Сколько раз в последние годы смотрел он через окно кухни на дымящиеся трубы соседних домов и представлял, как всполошенные люди перебирают свои бумаги, альбомы фотографий, выискивают на полках ставшие вдруг опасными книги… Маятниковые часы в ленинградских квартирах отбивали еще один пройденный круг, а свидетельства прожитого оседали легкой сажей на жестяной кровле. Ближе к полуночи стихал уличный шум, но в тревожных снах слышалось эхо конной скачки. Словно тень большого реформатора проносилась по улицам, и кто-нибудь из зачарованной толпы вскрикивал негромко: «Слово и дело государево!» — и еще глуше добавлял имя соседа, знакомого или сослуживца. И тогда от пролетавшей свиты отделялась тихая команда и направлялась к указанному подъезду… А на следующее утро другие соседи, знакомые или сослуживцы бросались к семейным альбомам, перетряхивали старые, еще дедовские библиотеки, кто-то вытаскивал из укромных уголков письма и дневники.

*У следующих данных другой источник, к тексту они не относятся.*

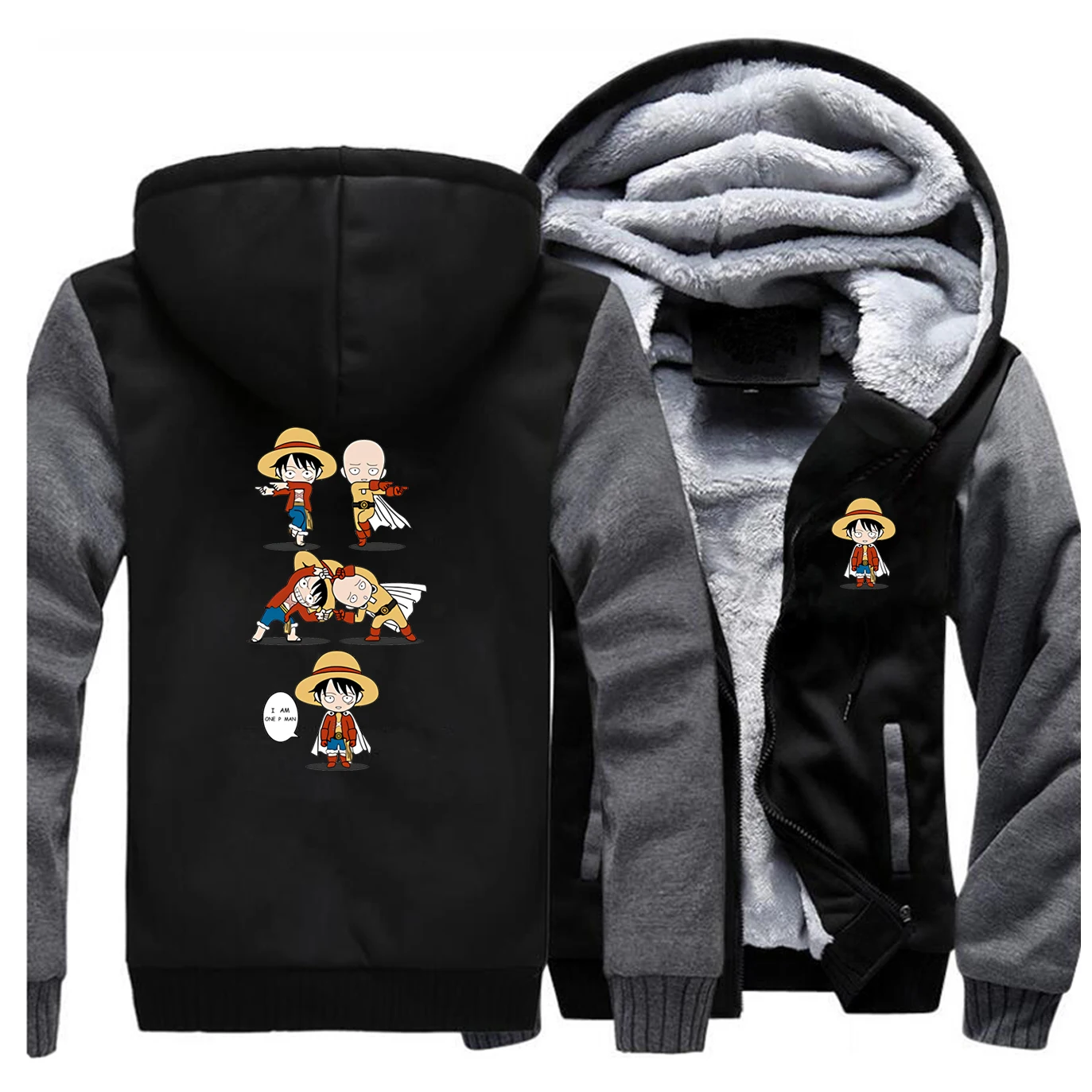 One piece One Punch Man Мужская куртка японское аниме забавное плотное флисовое пальто Зимняя Теплая мужская толстовка с капюшоном уличная спортивная одежда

Но те рукописи, сложенные вчера в видавший виды коричневый саквояж, — рукописи поэта, долговязого бунтаря, некогда тоже числившиеся в списках крамольных, на след которых он напал лет десять назад и которые приносили ему небольшими партиями — от менее значительных к более важным, и он платил — сначала за менее значительные платил хорошо, потом ему показывали более интересные, и он платил еще лучше, потом еще в той же последовательности, пока не выкупил их все; те рукописи, дневники, письма находились у него в полной сохранности и не должны были снова пропасть. Они и так чудом сохранились, пролежав по неведомым углам восемьдесят с лишним лет. Нет, их нельзя было оставлять в этой квартире, и он правильно решил сдать их в библиотеку.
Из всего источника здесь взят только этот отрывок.